AIM OF THE EXERCISE: Give again, word for word, the lines below that run from the line with "Corona Extra Beer" through the line with "Item preview, Whistler". Drop the pictures.

RECORDED INFORMATION:
####################

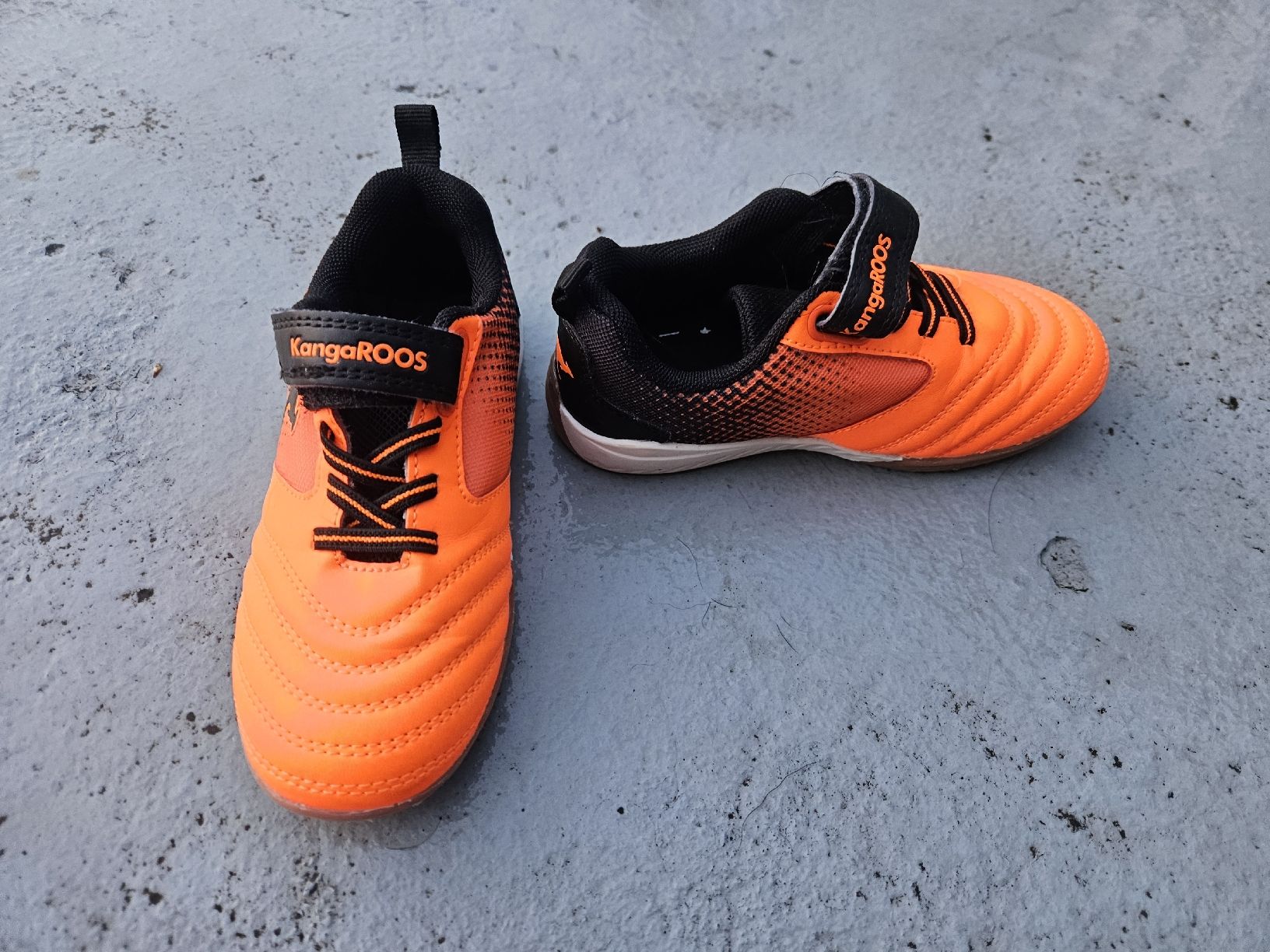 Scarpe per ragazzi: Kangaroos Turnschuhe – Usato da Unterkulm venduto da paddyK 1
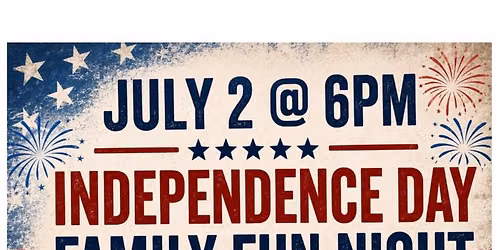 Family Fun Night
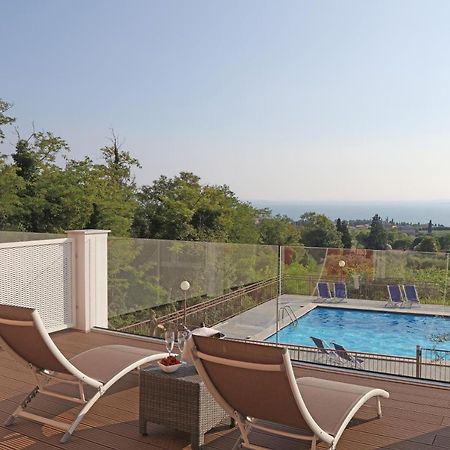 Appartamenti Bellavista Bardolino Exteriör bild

####################

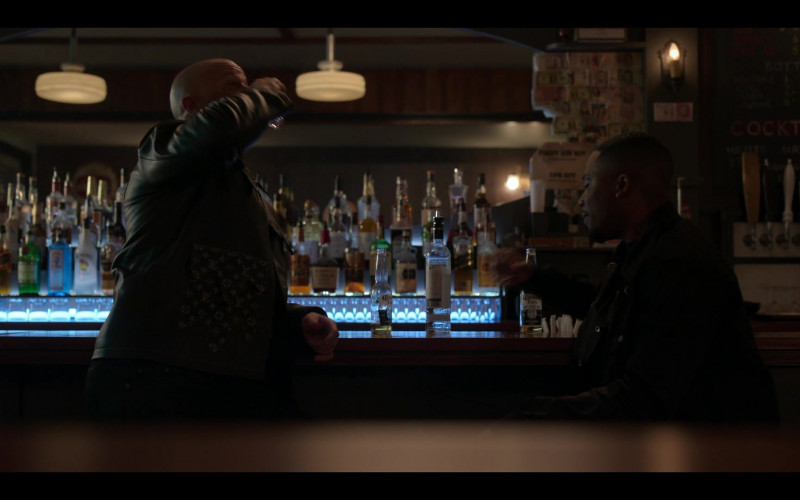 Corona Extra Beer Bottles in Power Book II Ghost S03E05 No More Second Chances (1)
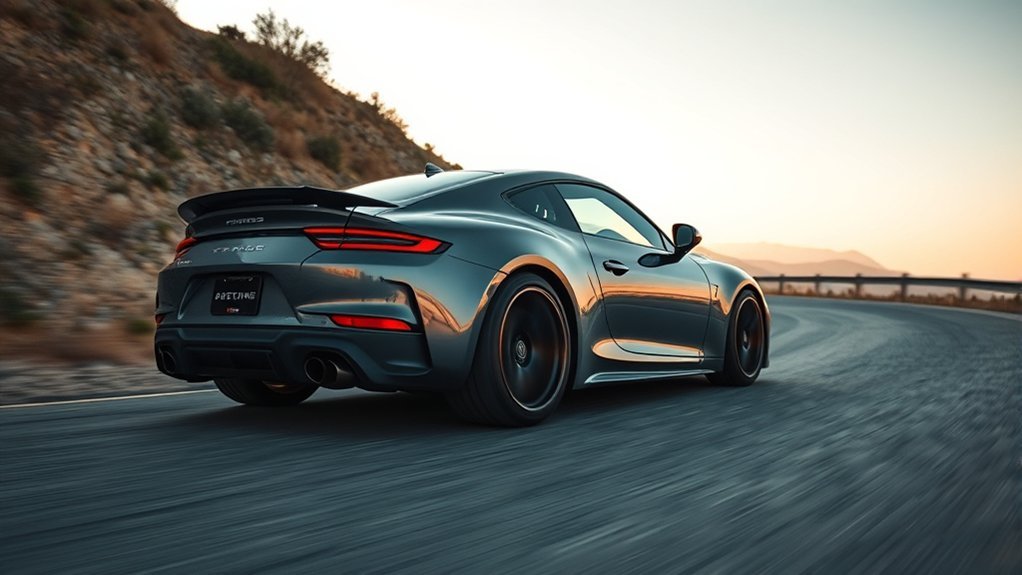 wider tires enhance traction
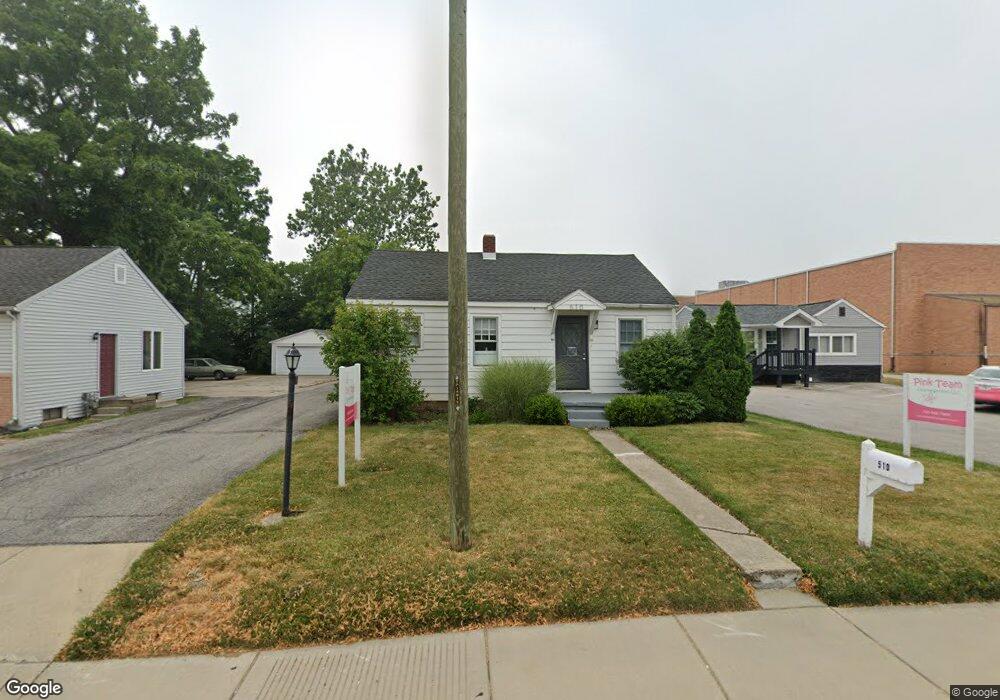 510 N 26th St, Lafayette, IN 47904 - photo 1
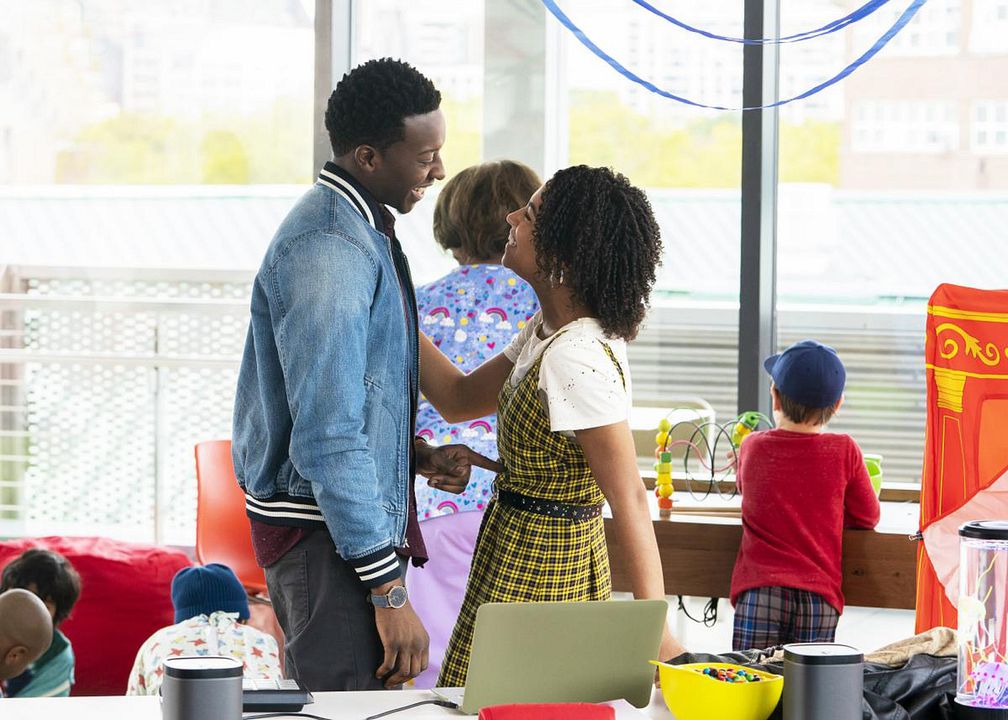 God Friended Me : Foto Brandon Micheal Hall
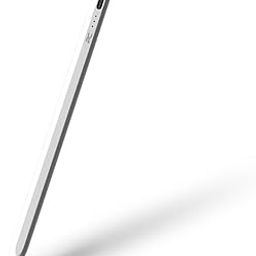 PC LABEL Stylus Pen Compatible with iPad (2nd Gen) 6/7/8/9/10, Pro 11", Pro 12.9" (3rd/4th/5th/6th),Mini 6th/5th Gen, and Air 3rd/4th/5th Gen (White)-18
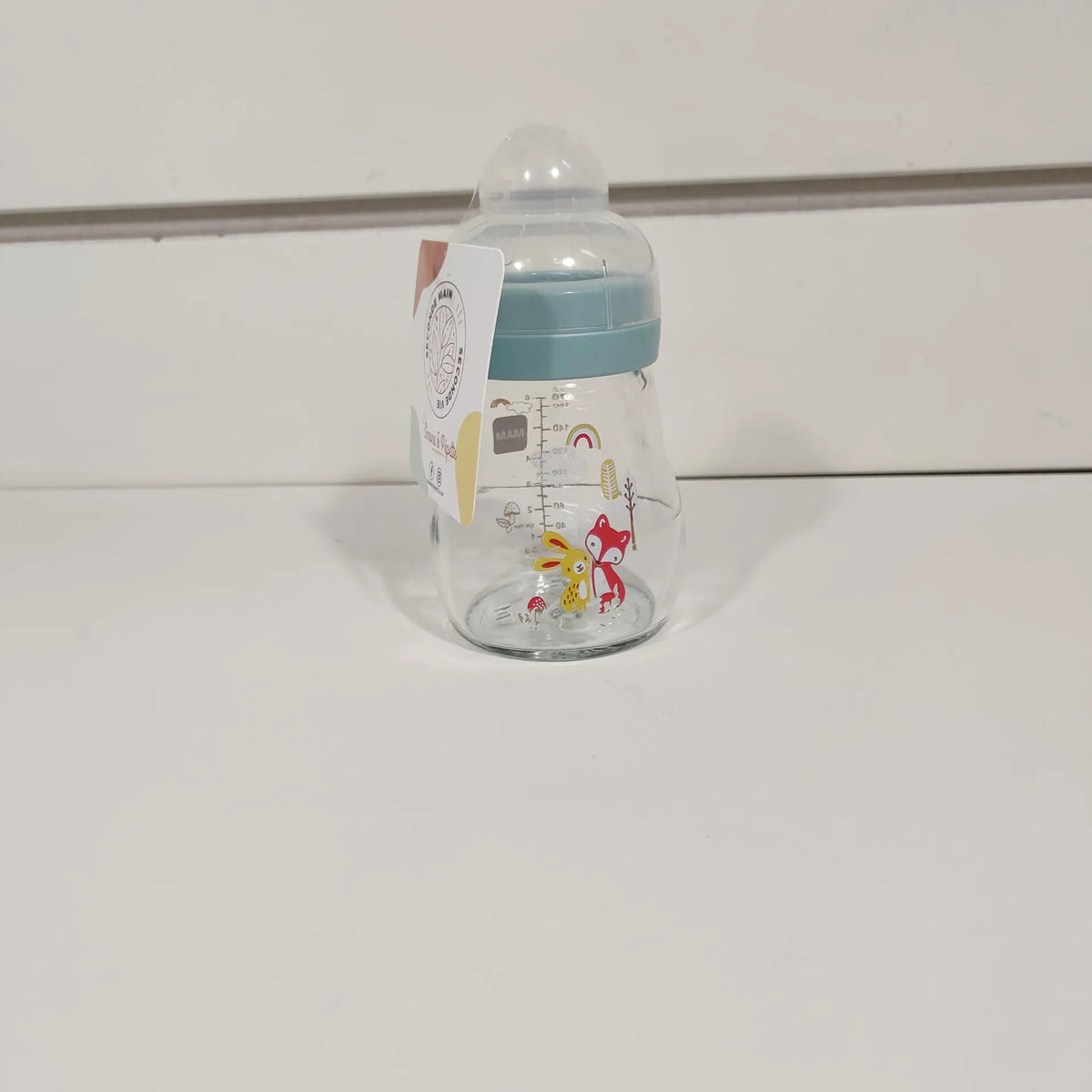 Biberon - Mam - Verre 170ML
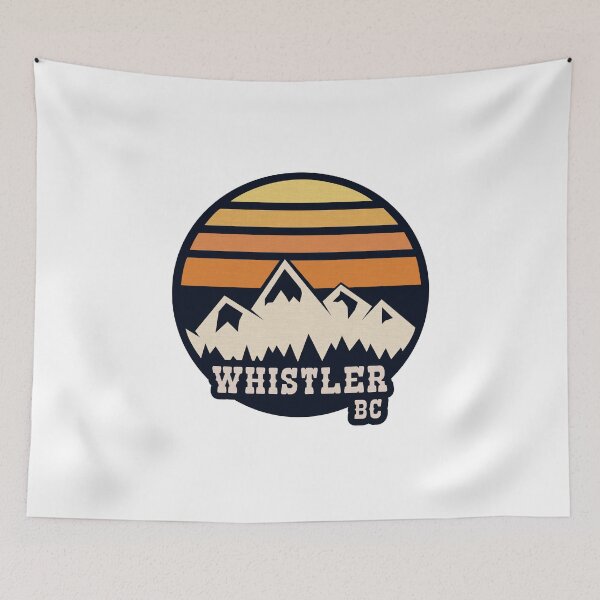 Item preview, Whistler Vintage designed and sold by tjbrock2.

####################

EXPECTED OUTPUT:
 Corona Extra Beer Bottles in Power Book II Ghost S03E05 No More Second Chances (1)
 wider tires enhance traction
 510 N 26th St, Lafayette, IN 47904 - photo 1
 God Friended Me : Foto Brandon Micheal Hall
 PC LABEL Stylus Pen Compatible with iPad (2nd Gen) 6/7/8/9/10, Pro 11", Pro 12.9" (3rd/4th/5th/6th),Mini 6th/5th Gen, and Air 3rd/4th/5th Gen (White)-18
 Biberon - Mam - Verre 170ML
 Item preview, Whistler Vintage designed and sold by tjbrock2.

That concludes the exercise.